Here's another dev thing I use: Jabba, a cross-platform Java version manager that works for Windows.
Over the the past few years, I've been doing JDK-based development in an enterprise Windows environment. In that time, I've continually struggled with being able to easily switch between versions of Java on my machine, depending on the project. We have legacy application that run old Java, and modern applications that run newer versions of Java. Being able to switch versions, without having to manually change my environment variables or handle mula
Now, that is no longer a problem thanks to my good friend, Jabba.
What does it do?
Exactly what you think: it changes the version of Java you're running on the fly. No need to install anything or worry about conflicting versions, or searching out and installing the specific Java version you need for your project.
First thing is installing Jabba, which is a breeze thanks to the following the instructions provided in the repository README. After that, I included it in my Powershell profile so it initializes it when I start Powershell.
To test it out, I run a
refreshenv command in the Powershell window, and run
jabba -h to see if I get the help file.
The commands are pretty straightforward. You can list all the available versions, using
jabba ls-remote, install the one(s) you need need with
jabba install my-version and you're good to go to run that version of Java.
And now you're good to go with whatever version of Java your current command line needs.
Won't this conflict with my installed version of Java?
Nope.
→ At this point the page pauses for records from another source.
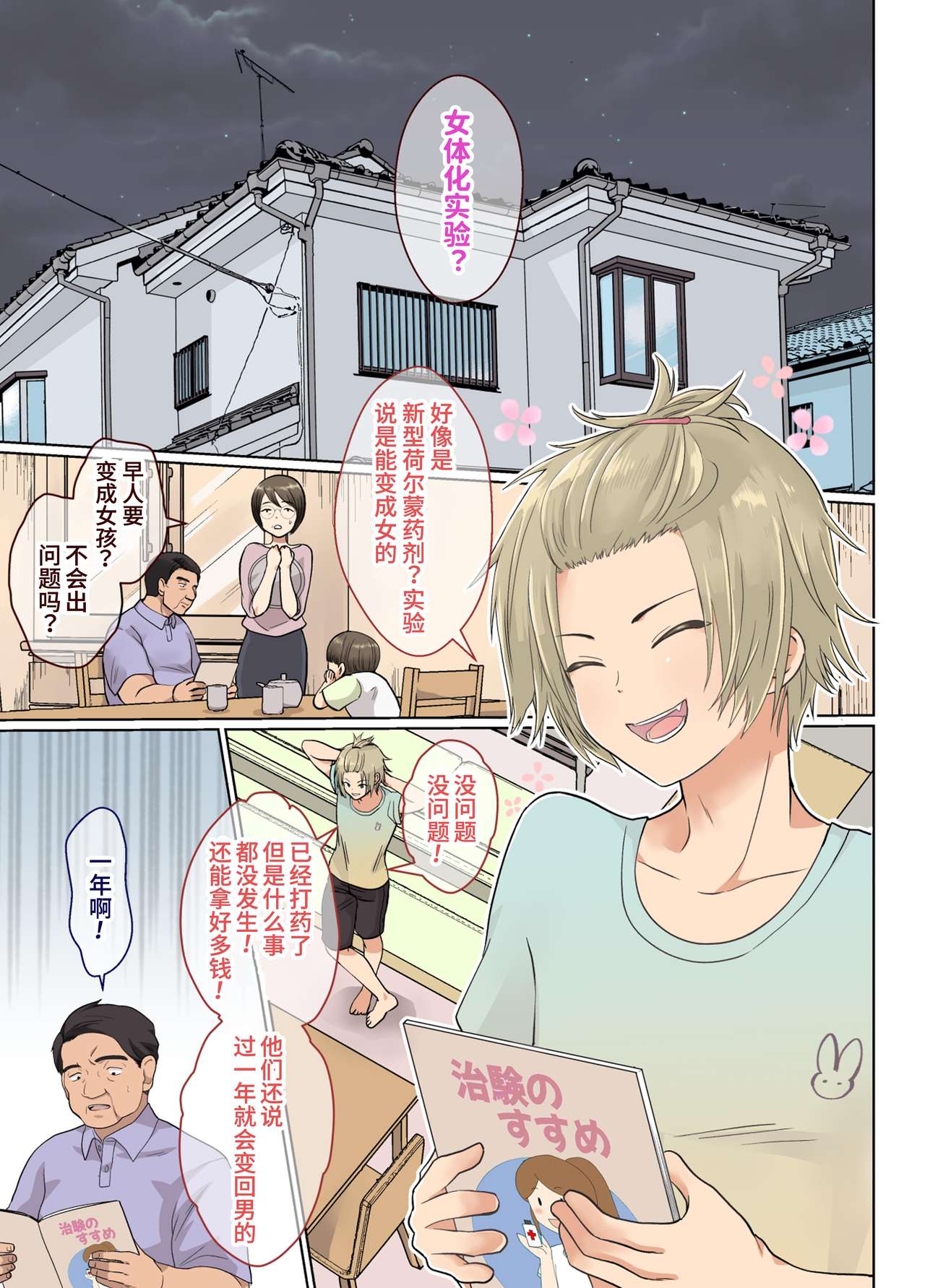 [日本漫画] [Kinokko (Taguchi Monyata)] NEET no Ore ga Nyotaika Chiken ni Sanka Shite Mita!  尼特族的我参加了女体化性转实验  单本,不伦,姐姐,双性人#[46P]-1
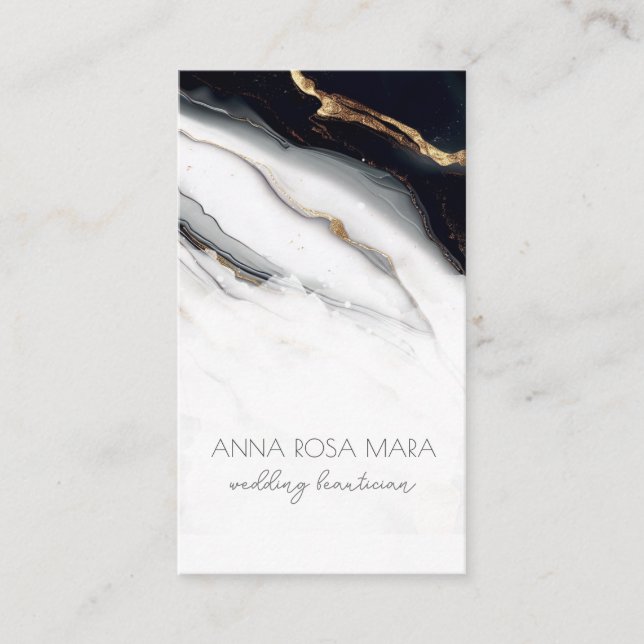 Cartão De Visita *~* QR Luxe Agate Black Dourado Glam AP66 (Frente)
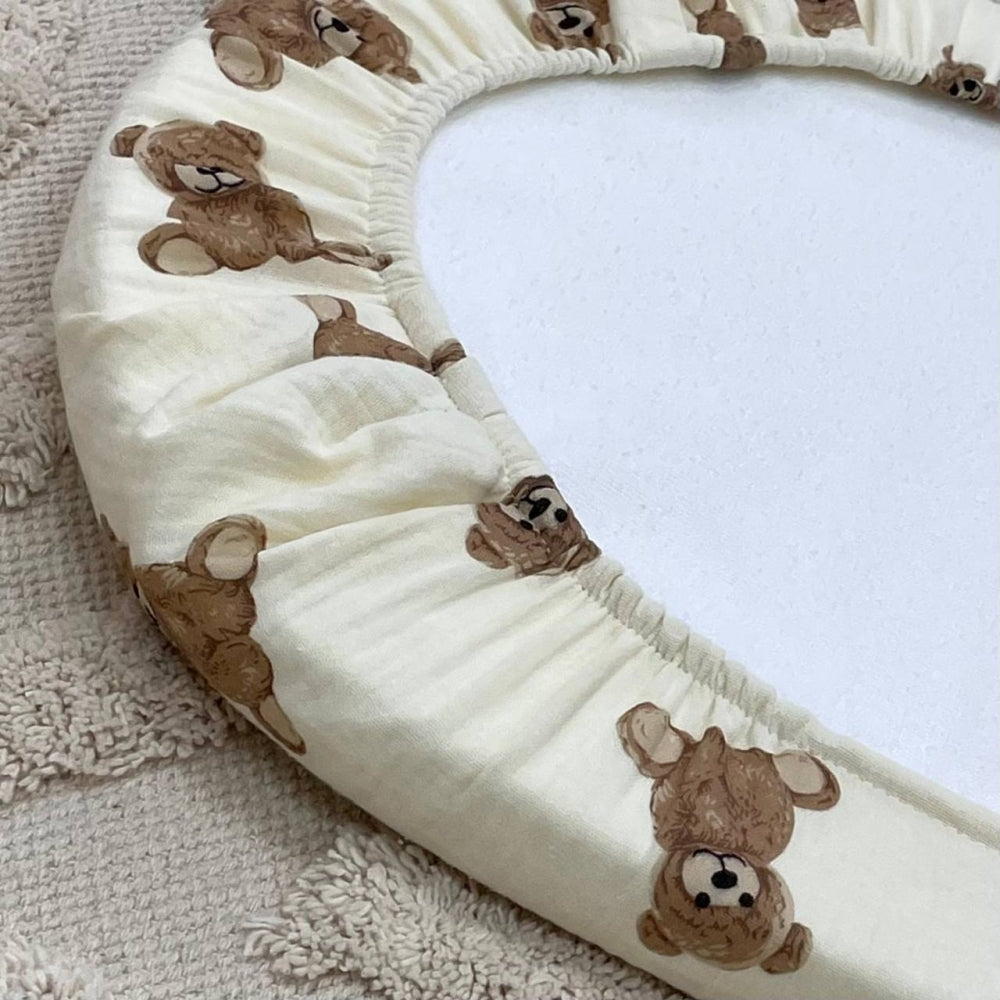 Mušelínová plachta do kočíka Teddy – na mliečnom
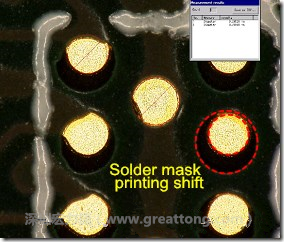 電路板BGA下面的防焊層印刷偏移，造成焊墊大小不一致。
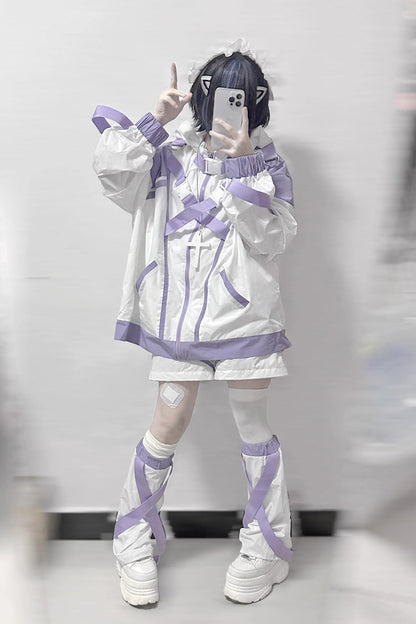 White/Purple Cyberpunk Functional Print Hooded Jirai Kei Japanese Sports Coat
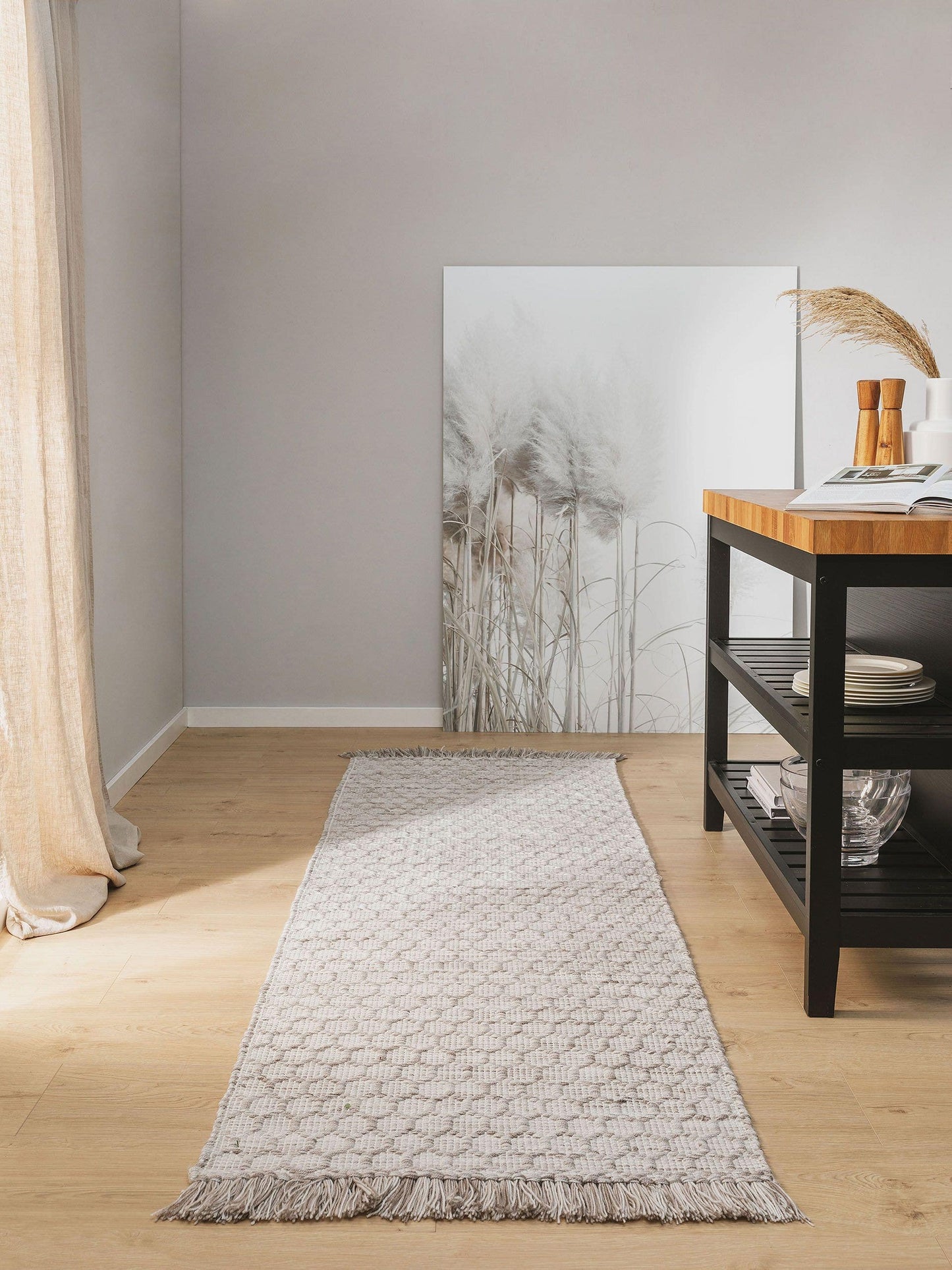 Covor din materiale reciclate Mimpi Light Grey 
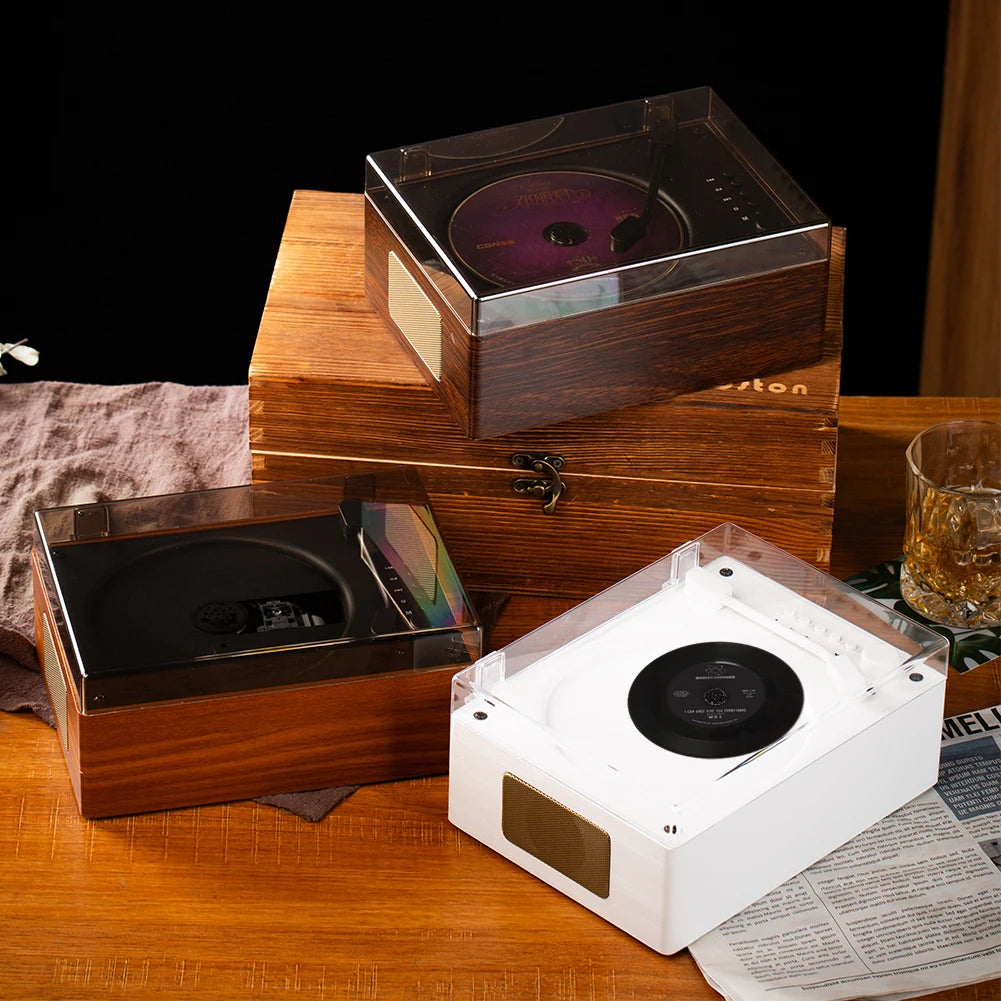 Portable Vintage CD Player Bluetooth5.0 Music Speaker 2000mAh Rechargeable 10M Remote Control CD/USB/AUX Home Decor Party Player Vue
The FAQ section of the README covers that.
In my case, I uninstalled all the different JDK's I had installed to ensure there were no conflicts, and I like to remove tools I'm no longer needing on my machine.
But what about my really old legacy JDK on my machine?
If you check the usage section of the README, you can use Jabba to install JDKs that are hosted in a custom spot.
In the case of the depracated versions of Java that are difficult to come by, I use the Zulu or OpenJDK versions that are available through Jabba. You can see them when you run
jabba ls-remote. It's not an exact replica of the Oracle JDK, but I haven't hit any issues in my legacy enterprise applications.
What makes it cool?
My prefernce for any dev tool is to have it available through the command line.
When it comes to Java and Windows, the command line tools out there for Java are a bit limited. The standard answer seems to be to use Powershell to update your environment variables, but that doesn't solve the need to find and install the version I need.
Jabba solves that for me.
Plus, since it's written in Go, it works on OSX and Linux, so anyone can use the tool.
And just to put some more icing on the cake, the solo developer building Jabba was kind enough to implement a feature I supported on over a weekend which made the tool work even better for me at work and at home. So, thank you Stanley Shyiko.
What are the drawbacks?
I haven't hit any so far, which is pretty impressive considering I use this tools almost every day.
If you're an enterprise Java developer that needs to support legacy applications, I would strongly suggest taking a look at Jabba. With Windows 7 extended support ending in the next few years, your enterprise will be looking to move you to a new OS, Windows 10 or otherwise.
With Jabba, you'll at least have a tool that works regardless of how your development machine changes.